:: RECORDS FOR THIS EXERCISE ::
----

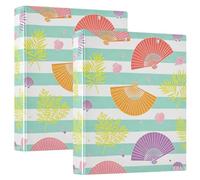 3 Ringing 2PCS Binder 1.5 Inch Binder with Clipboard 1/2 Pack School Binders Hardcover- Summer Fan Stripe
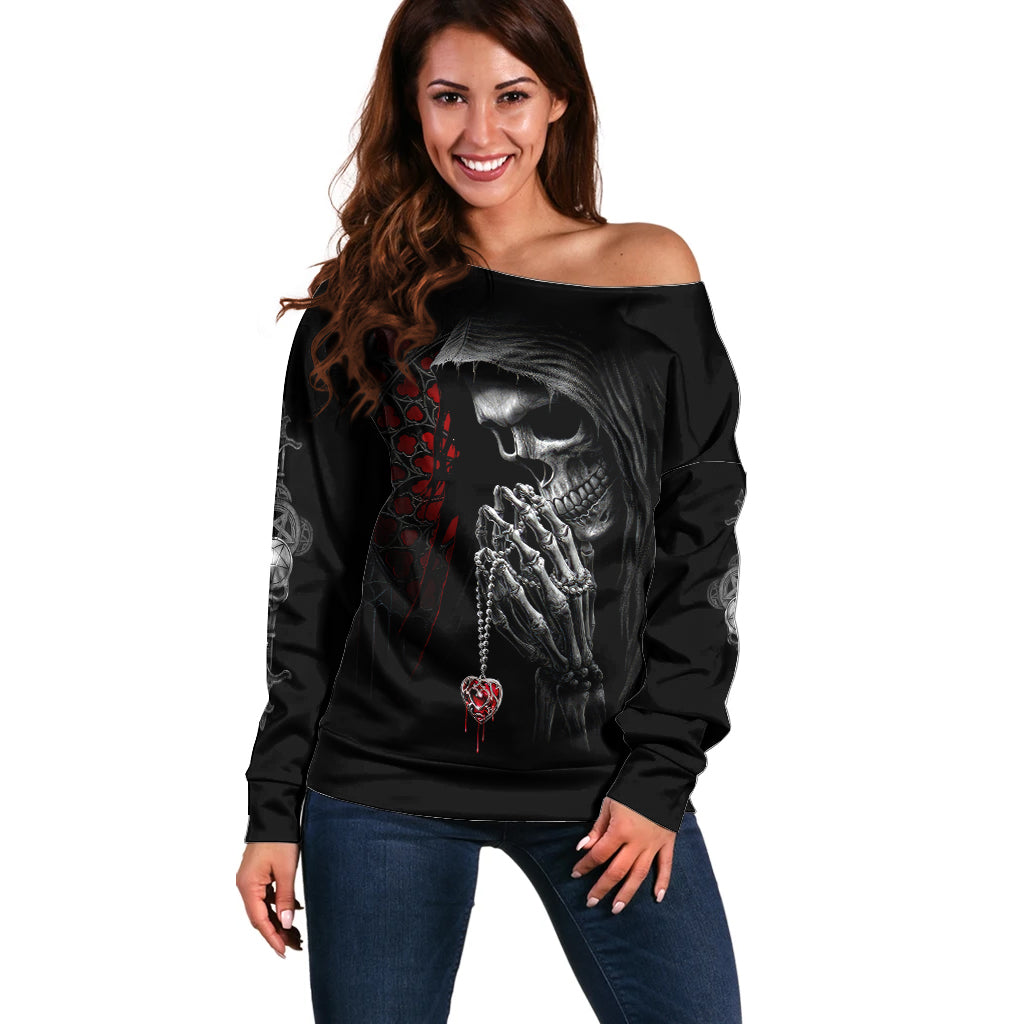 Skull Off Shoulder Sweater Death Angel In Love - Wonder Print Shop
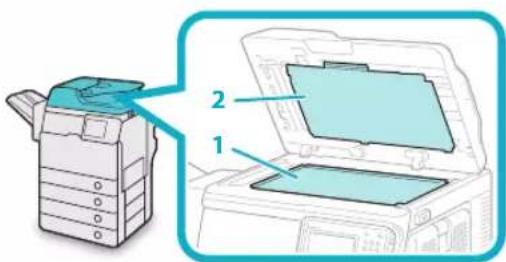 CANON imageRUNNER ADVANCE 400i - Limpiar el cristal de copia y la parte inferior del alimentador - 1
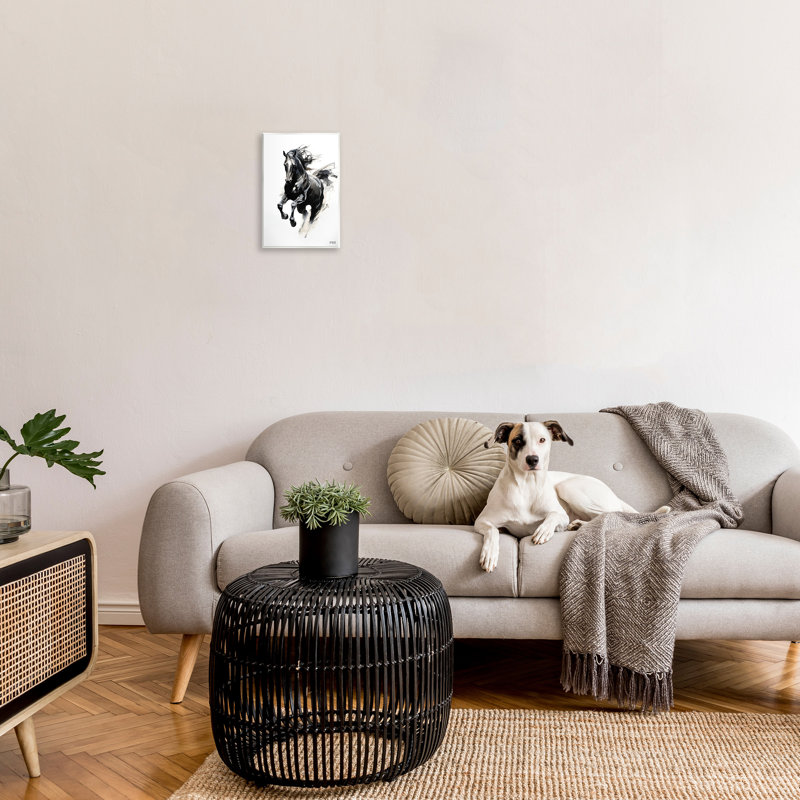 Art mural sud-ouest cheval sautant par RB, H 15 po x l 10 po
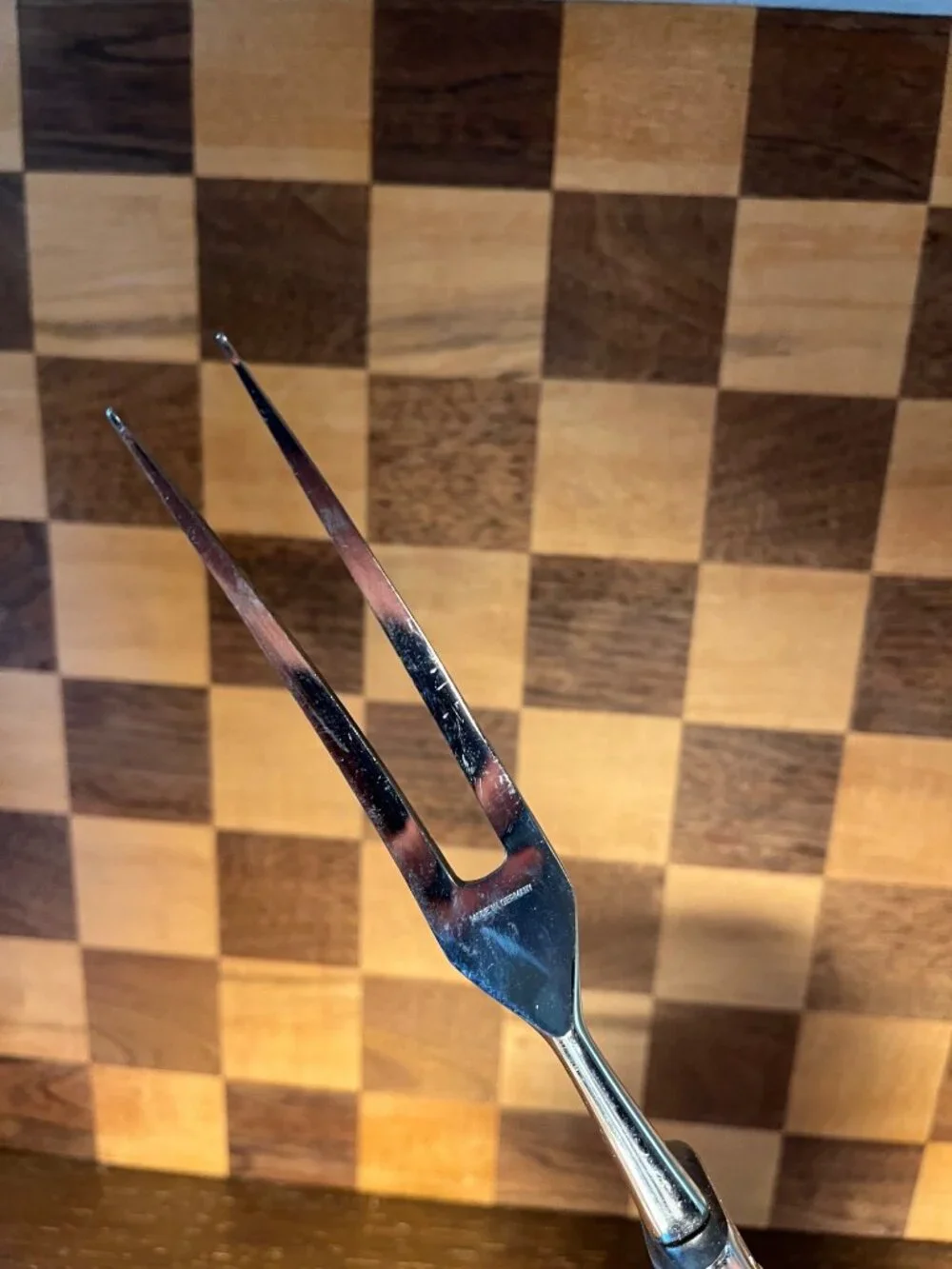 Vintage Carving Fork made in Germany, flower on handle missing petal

----

Write out exactly, please, the lines that start at the one containing "Art mural sud-ouest" and run through the final line of the entries, both included, leaving pictures out.

 Art mural sud-ouest cheval sautant par RB, H 15 po x l 10 po
 Vintage Carving Fork made in Germany, flower on handle missing petal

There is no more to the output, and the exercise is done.